Così, a poco più di un anno di lavoro – ha preso il potere l’1 luglio del 2020 – con l’annuncio di un piano ambizioso come il Renaulution a metà gennaio, eccolo lì, pronto a mettere in atto le sue mosse. Lo abbiamo incontrato al Salone di Monaco, davanti alla prima pietra del suo nuovo edificio, rigorosamente sostenibile: la Renaul Mégane E-TECH Electric. “Per noi è l’inizio di una nuova èra basata su un tema complesso come quello dell’elettrificazione e dopo un periodo molto difficile. Abbiamo studiato e capito esattamente dove siamo rispetto alle scelte dei nostri competitor. Non mi va di fare classifiche, noi non spariamo cifre, ma vi posso dire che siamo molto avanti, perchè i soldi possono comprare molte cose, non l’esperienza. E Renault ne ha accumulata tanta in questi 10 anni”.

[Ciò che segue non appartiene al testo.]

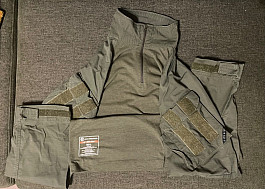 Taktické tričko Combat G3 Crye Precision Ranger Green vel. MD L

Ma come fate a competere con una concorrenza che sembra scatenata?«Anche se non abbiamo le risorse per sparare 46 nuovi modelli (per caso si riferiva al Gruppo Volkswagen? ndr), riteniamo di disporre di tutto l’ecosistema necessario per essere competitivi in questa rivoluzione. Non si può valutare la bontà dei numeri e dei volumi dalle macchine che si lanciano. Perché se poi non creano valore… Piuttosto, possiamo contare sulla partnership con NIssan e godiamo di un grande vantaggio su scala usando lo stesso modulo di batteria e la stessa piattaforma, la CMF-EV, molto flessibile, sulla quale riusciremo a costruire modelli più piccoli come nuova Renault 5 e anche più grandi, tipo Suv di segmento C e D, tipo Nissan Ariya”.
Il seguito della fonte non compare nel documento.